«Молодым рассказать — не поймут, не поверят...»
Дети войны хлебнули лиха на своём веку. Саму войну, военный тыл они уже не помнят, малы были. Но вот послевоенная разруха и нищета врезались им в память.
Вместо мыла — яйца и щёлок
- Ночью иногда не спится, вспоминается детство, - говорит Александра Михайловна Сундырева. - Слёзы сами льются...
А.М. Сундырева
23 марта она отметила своё 90-летие. Родилась она в деревне Даровские, по-над Шурмой. Было там две длинных улицы, двухсторонняя и односторонняя, тянувшиеся по косогору над Шурминкой.
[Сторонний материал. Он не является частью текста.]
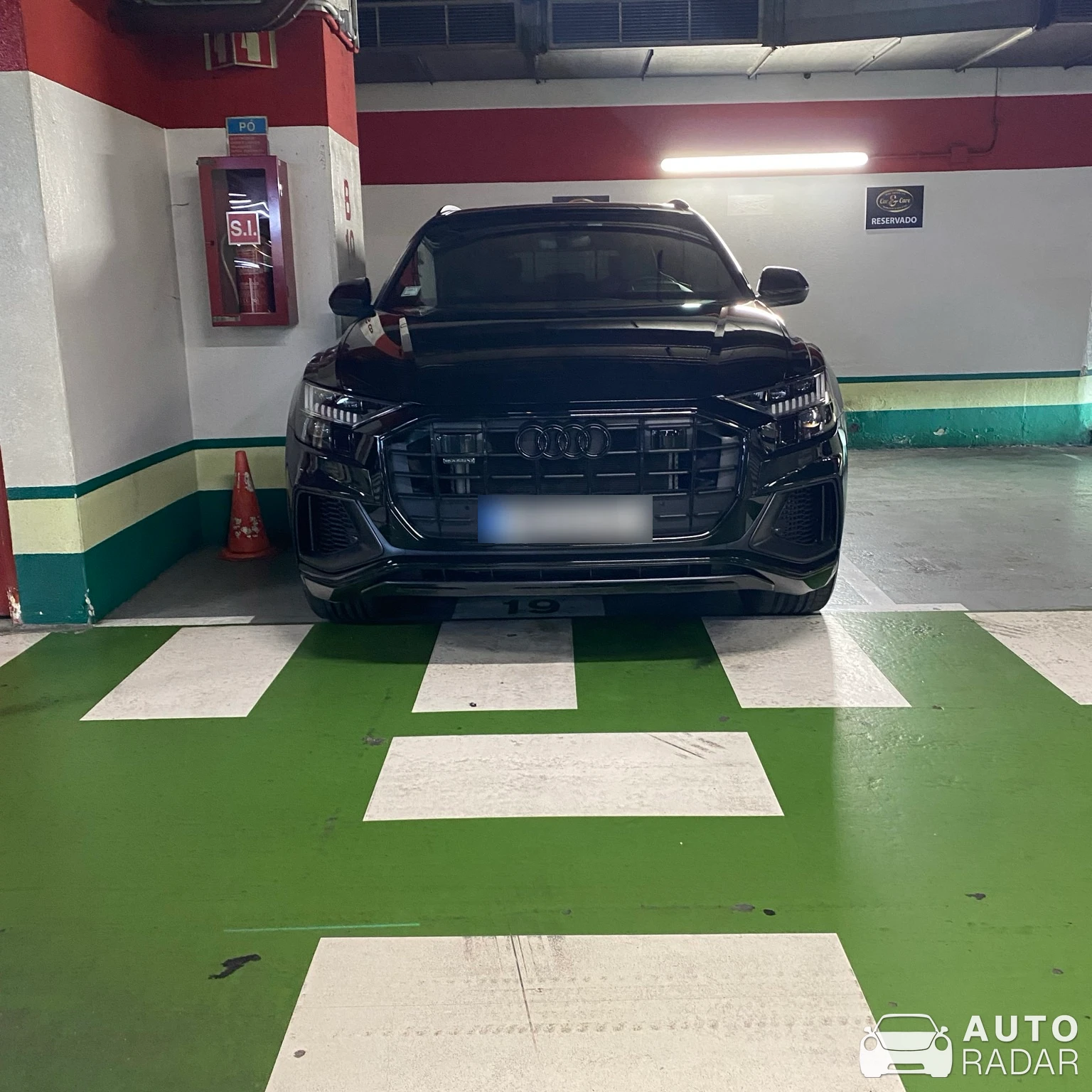 Audi Q6 E-Tron spotted in Lisboa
За околицей — фермы, конюшня и свинарник, и дальше — поля колхоза им. 8 Марта, примыкавшие к тюм-тюмским полям. И фамилия большинства жителей, в том числе её родителей, была Даровских.
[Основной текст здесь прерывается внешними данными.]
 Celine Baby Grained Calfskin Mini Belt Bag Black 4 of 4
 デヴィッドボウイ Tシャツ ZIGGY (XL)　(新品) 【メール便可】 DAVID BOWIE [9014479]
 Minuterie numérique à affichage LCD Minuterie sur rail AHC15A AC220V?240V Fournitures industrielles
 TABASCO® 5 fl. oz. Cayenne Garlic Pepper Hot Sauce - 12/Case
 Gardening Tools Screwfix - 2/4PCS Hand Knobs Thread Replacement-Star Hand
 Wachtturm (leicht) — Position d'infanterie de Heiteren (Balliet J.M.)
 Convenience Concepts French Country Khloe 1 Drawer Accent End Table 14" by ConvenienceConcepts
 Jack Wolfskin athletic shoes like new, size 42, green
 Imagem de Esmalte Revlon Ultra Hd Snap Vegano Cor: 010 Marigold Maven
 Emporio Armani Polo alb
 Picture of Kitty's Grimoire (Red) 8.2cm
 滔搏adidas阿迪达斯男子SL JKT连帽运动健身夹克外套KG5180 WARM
С. Шурма в середине ХХ века
Уютно в её городской квартире. Все удобства, две комнаты, кухня...
- Жили мы в небольшом деревенском доме, - рассказывает она о своём детстве. - Перед войной было нас 7 человек: отец и мать, бабушка и четверо детей. Отец вернулся с фронта по ранению, после войны ещё дети родились. Всего нас было 10 братьев и сестёр. Правда, двое умерли маленькими. Мама рано умерла, в 48 лет, и моя младшая сестрёнка осиротела в 5 лет.
В избе — одна горница. Краса дома — стол, крашеный, на резных ножках. Наверное, из Шурминского райпромкомбината. Табуретки были, скамеечки. Вдоль всей стены — длинная скамья из широких досок. Вот и вся крестьянская мебель. Бабушка спала на печи, остальные — вповалку на полатях. Летом — в большом чулане. О матрасах и простынях - городском баловстве - крестьяне в те поры только слыхали. Постель покрывали домотканым рядном, вроде половика-дорожки, им же накрывали подушки, оно же было вместо одеяла.
Пол был некрашеный. Скоблили его косарём. Александра, как старшая в семье, в первую очередь. Под потолком — керосиновая лампа. Хотя под горой работала электростанция, свет в деревни долго не проводили: электроэнергия шла в райцентр Шурму, на её предприятия и в учреждения. В хлев (непременно держали корову, овец, кур) ходили с керосиновыми фонарями, как и в баню по-чёрному.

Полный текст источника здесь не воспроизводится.